Steps for Conducting Precedent Transaction Analysis

Steps for Conducting Precedent Transaction Analysis

  • Select a Comparable Universe The first step in performing Precedent Transaction Analysis is to select a comparable universe of companies. The universe of companies should be similar to the company being valued in terms of industry, size, and growth prospects. This universe will be used to identify and compare the transaction multiples of companies that have been sold in the past.
  • Identify and Collect Transaction Data The next step is to identify and collect transaction data for the comparable universe. This data should include information about the companies that have been sold, the transaction multiples, and any other relevant information about the transaction.

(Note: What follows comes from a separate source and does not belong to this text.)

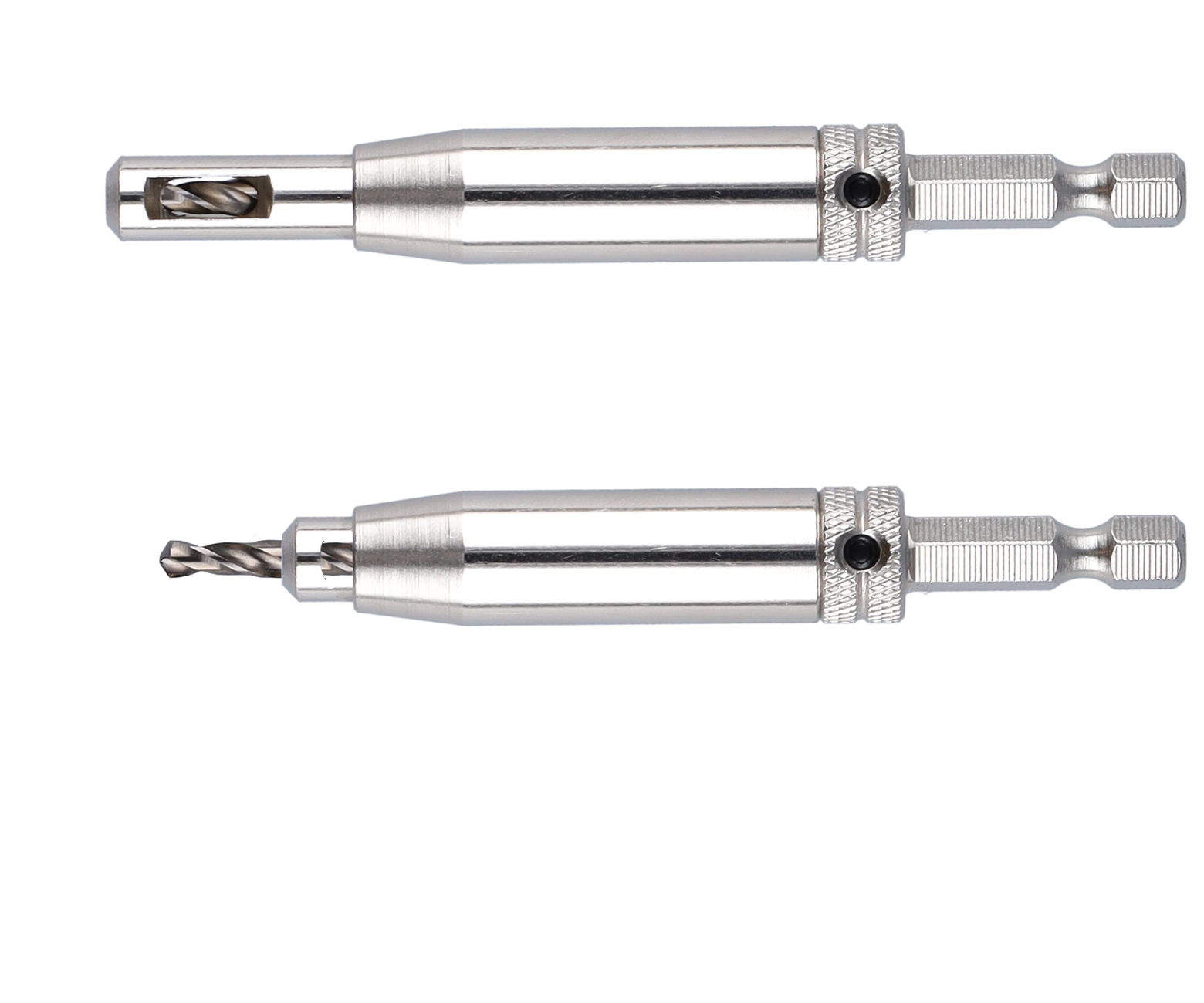 Rotec Hss Scharnierboor, 1/4"-Bitopn. E6.3, Ø3,5 (schroef ø5-5,5)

  • Calculate the Transaction Multiples The third step is to calculate the transaction multiples for each of the companies in the comparable universe. Transaction multiples are typically calculated as the enterprise value (EV) divided by the earnings before interest, taxes, depreciation, and amortization (EBITDA) of the company. Other multiples, such as price-to-sales (P/S) and price-to-earnings (P/E) ratios, can also be used.
  • Apply the Multiples to the Company Being Valued Once the transaction multiples have been calculated, they can be applied to the company being valued. This is done by multiplying the relevant transaction multiple by the company's earnings or other financial metrics. The result is an estimated value for the company based on the precedent transactions.